• [ASSIGNMENT]
Although the records contain pictures, repeat only the text of every line exactly.

※ ※ ※

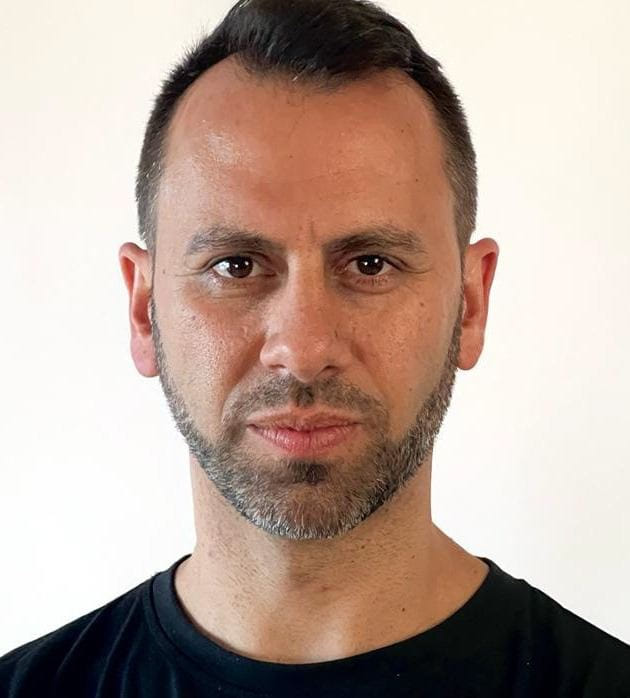 Flavio Augusto Gentile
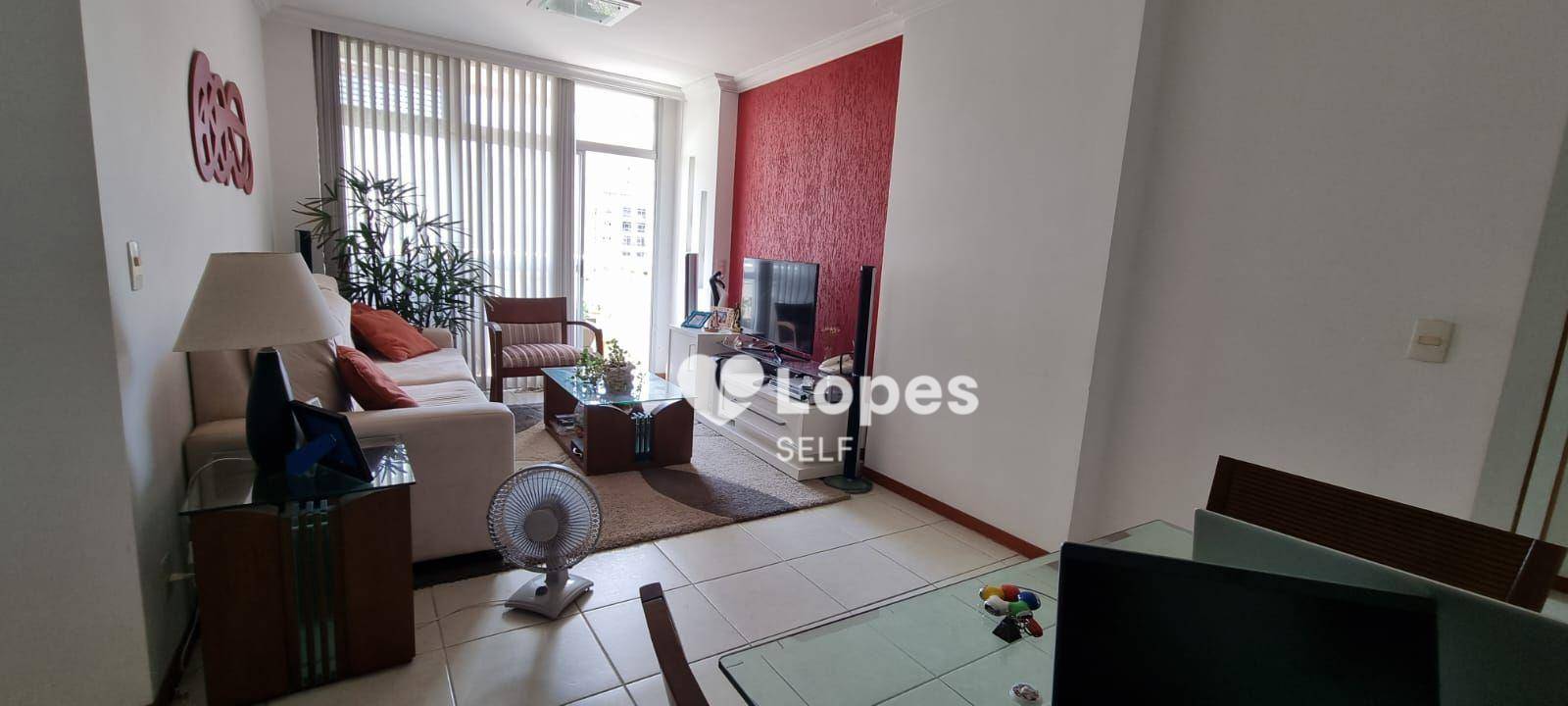 Apartamento à venda com 3 quartos, 103m² - Foto 1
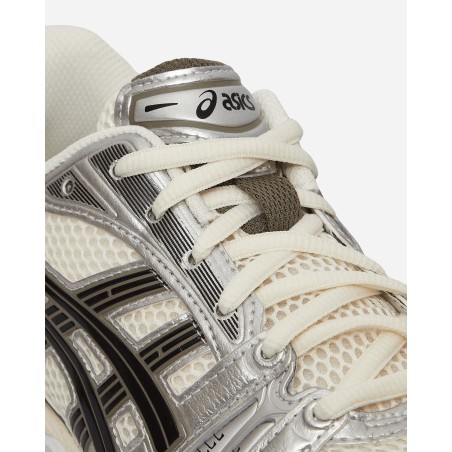 Brand New GEL-Kayano 14 Sneakers Cream / Black Fresh Release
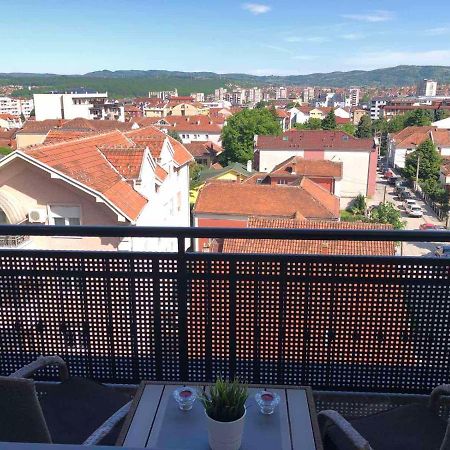 Lux Apartman 33 Kragujevac Extérieur photo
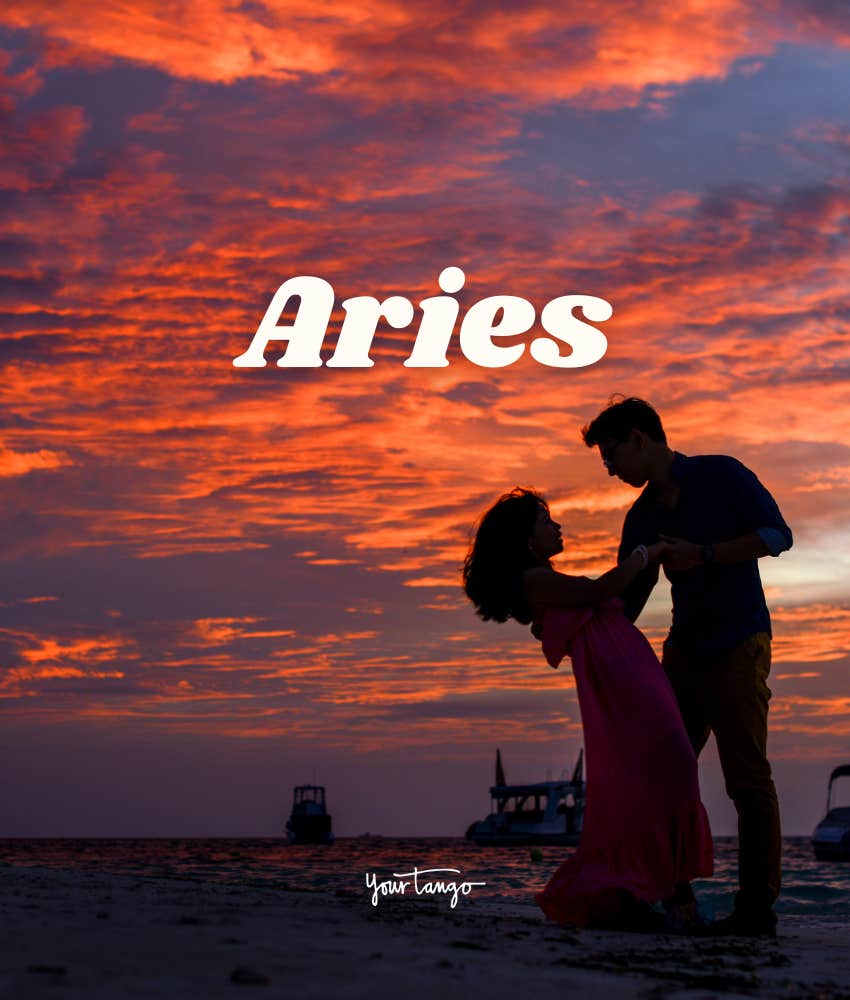 Aries Zodiac Signs Change Their Relationships For The Better This Week From July 1 - 7, 2024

※ ※ ※

• [ANSWER BELOW]
 Flavio Augusto Gentile
 Apartamento à venda com 3 quartos, 103m² - Foto 1
 Brand New GEL-Kayano 14 Sneakers Cream / Black Fresh Release
 Lux Apartman 33 Kragujevac Extérieur photo
 Aries Zodiac Signs Change Their Relationships For The Better This Week From July 1 - 7, 2024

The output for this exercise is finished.